Economics 

 

Economists have relied on Stata for over 30 years because of its breadth, accuracy, extensibility, and reproducibility. Whether you are researching school selection, minimum wage, GDP, or stock trends, Stata provides all the statistics, graphics, and data-management tools needed to pursue a broad range of economic questions.



Features for economists:

Panel data
Obtain descriptive statistics and estimates for linear, nonlinear, and dynamic panel-data models. Get access to instrumental-variables random-effects, fixed-effects, and population-averaged estimates. Build your own dynamic model or use traditional models like Arellano–Bond. Fit models for binary, count, and continuous outcomes. And more.

 

Time series
Fit multivariate and univariate time-series models. Obtain ARIMA, GARCH, ARCH, VAR, structural VAR, VEC, multivariate GARCH, multivariate ARCH, dynamic factors, and unobserved-components models. And more. 

 

Cross-sectional models
Fit linear, quantile, truncated, and censored regressions and maximum likelihood models for binary, count, fractional, continuous, ordered, and multivariate outcomes. And more.

 

Survival analysis
Perform survival-data analysis for your descriptive statistics, Cox proportional hazards model, linear regression models, structural equation models, binary response models, discrete response models, instrumental-variables models, and regressions models with selection. And more. 

 

Treatment effects
Estimate treatment effects for continuous, binary, count, and survival outcomes and for multilevel and multivalued treatments.
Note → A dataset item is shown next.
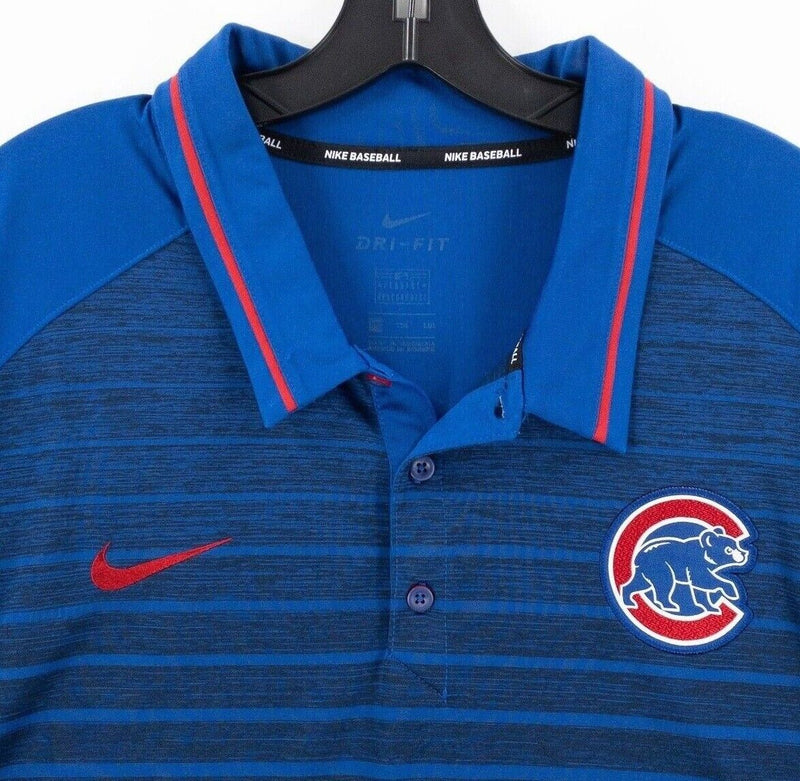 Chicago Cubs Nike Shirt 2XL Men's Dri-Fit Polo Blue Striped Wicking Stretch MLB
Obtain estimates of effects under endogeneity. Choose from inverse probability weights (IPW), propensity-score matching, covariate matching, regression adjustment, doubly-robust augmented IPW and IPW with regression adjustment models. And more.

 

Instrumental variables and selection
Fit cross-sectional and panel-data models under endogeneity and with selection. Use estimators for selection and endogeneity for binary, count, and continuous outcomes. And more.

 

GMM
Fit models using the generalized method of moments (GMM). Obtain estimates for cross-sectional and panel-data models, specifying your own moment conditions and instruments. And more.

 

Mata
Program your own estimator using Stata's built-in matrix language, MATA. Use MATA interactively with Stata. Obtain inversions, decompositions, eigenvalues and eigenvectors, and numerical derivatives. Use LAPACK routines, real and complex numbers, string matrices, and object-oriented programming. And more. 

 

Forecasting
Compute static and dynamic forecasts using estimation results from time-series, panel, and cross-sectional data. Incorporate results from different estimations, contrast alternative forecast scenarios, write down identities and factor adjustments, and compute stochastic confidence intervals.

 

Survey methods
Handle probability sampling weights, multiple stages of cluster sampling, stage-level sampling weights, stratification, and poststratification. Use variance techniques of balanced repeated replications, the bootstrap, the jackknife, successive difference replication, and linearization. Fit many different statistical models on complex survey data. And more.

 

Bayesian analysis
Fit Bayesian regression models using a Metropolis–Hastings Markov chain Monte Carlo (MCMC) method. Choose from a variety of supported models or program your own. Check convergence visually using extensive graphical tools. Compute posterior mean estimates and credible intervals for model parameters and functions of model parameters. Perform interval and model-based hypothesis testing. Compare models using Bayes factors.